As python programmers like to say, explicit is better than implicit: I
don't like the idea of such a fundamental format change depending on
whether stdout is a tty or not. It's sort of okay when
enabling/disabling, say, ANSI colour codes, because they don't change
the true format of the output. But 'find -print0' doesn't stop
printing nulls just because it's on a tty. This seems risky to me.

> b) Splitting the input is easy if you have GNU coreutils / busybox.

That's not very helpful. I don't have to install those things if I
want to build a package that uses make+autoconf.

> > It seems better to just disallow newlines in filenames (and abort if
> > we see one) on the grounds that anyone using them is insane.
>
> I see newlines in filenames as a good litmus test. If your tooling can
> handle the newline, it is probably robust enough to handle a lot more.
>
> But then again I am a person who sends 2 gigabytes of small headers to
> ensure that an HTTP library is behaving well when encountering malice.

If you sent 2GB of small headers, I expect a well-behaved server to
realize you're an attacker and cut you off. This is my proposal for
redo: just detect that a filename contains a newline and abort with a
meaningful error message.

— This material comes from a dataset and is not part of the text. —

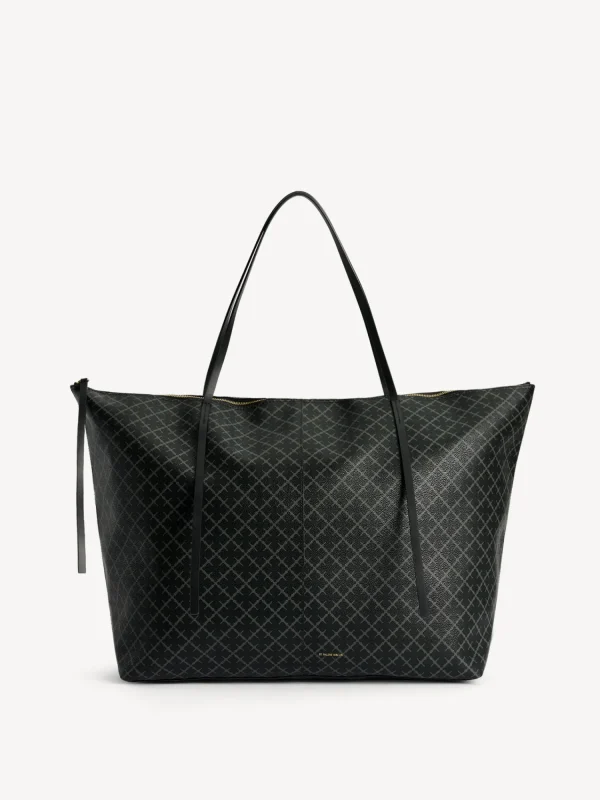 Signature Flower | Taschen^By Malene Birger Leesa Tote Charcoal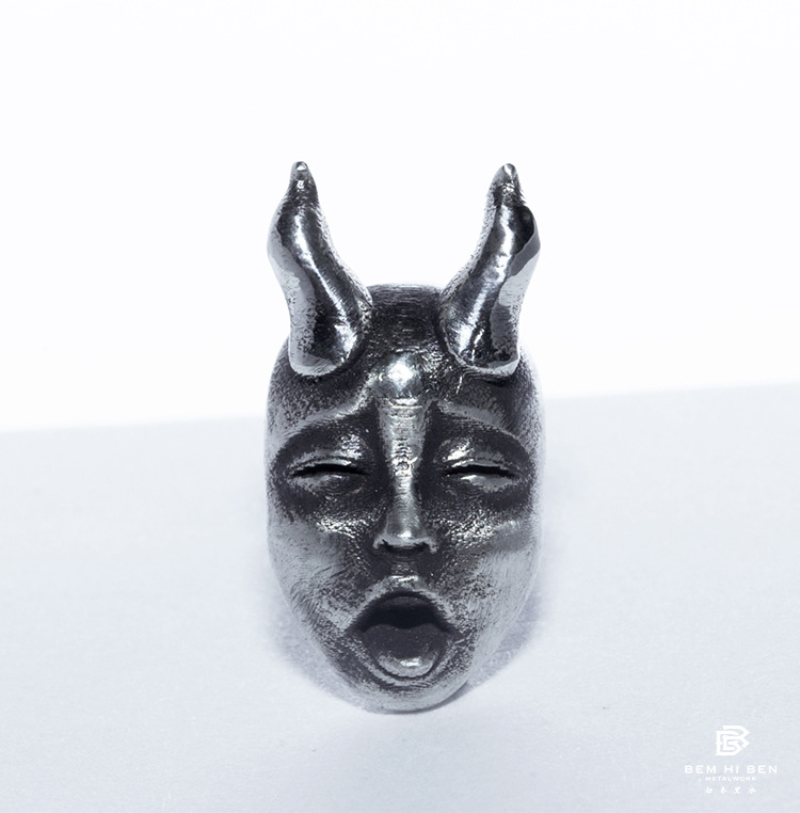 Wholesale Prajna Mask Alloy Earrings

Those files never happen unless someone is
being malicious, and the safest thing to do is stop right away.

> >> A way to account for even the laziest programmer in […]-delimited data
> >> would be to base64 encode all fields, and use a delimiter that doesn't
> >> occur in the base64 output; it is obviously not wise performance-wise.
> >
> > It's not just performance: parsing base64 just makes everything less
> > human-readable and more gross.
>
> The idea is that the simplest thing that could work (first splitting
> fields on delimiters, then base64-decoding any field) is the correct
> approach. Any protocol that permits the parser to have shortcuts can
> and will be parsed by shortcutters, so that must be made impossible.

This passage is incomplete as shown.